• [ACTIVITY]: Repeat word for word the lines from the one containing "Perceel KGL02-G-195" to the end of the material below, and leave all pictures out.

╔══

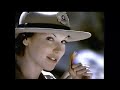 ABC Commercials - June 8, 1997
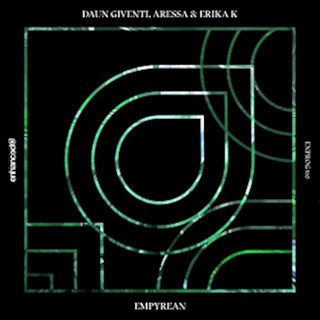 Empyrean by Daun Giventi, Aressa & Erika K Download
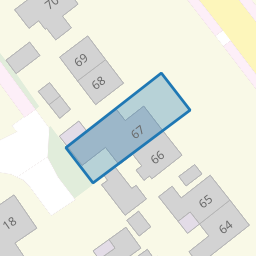 Perceel KGL02-G-195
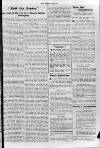 Protestant Vanguard Saturday 20 May 1933 Page 3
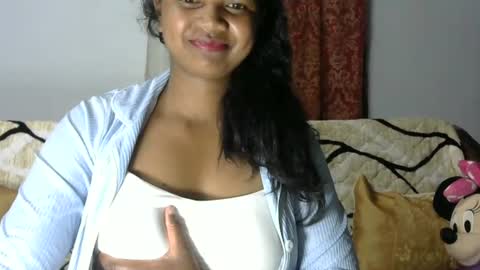 stellah online show from July 2026 01:41:01 AM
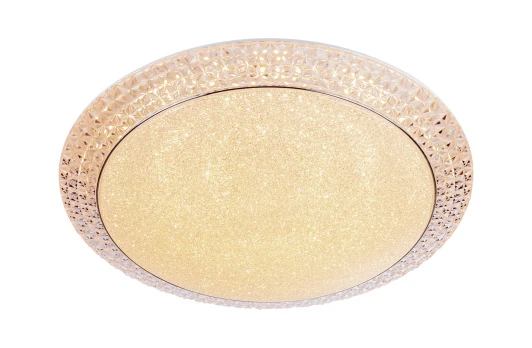 10273/S LED Потолочный светильник Escada Led 10273/S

╚══

• [THE ANSWER]:
 Perceel KGL02-G-195
 Protestant Vanguard Saturday 20 May 1933 Page 3
 stellah online show from July 2026 01:41:01 AM
 10273/S LED Потолочный светильник Escada Led 10273/S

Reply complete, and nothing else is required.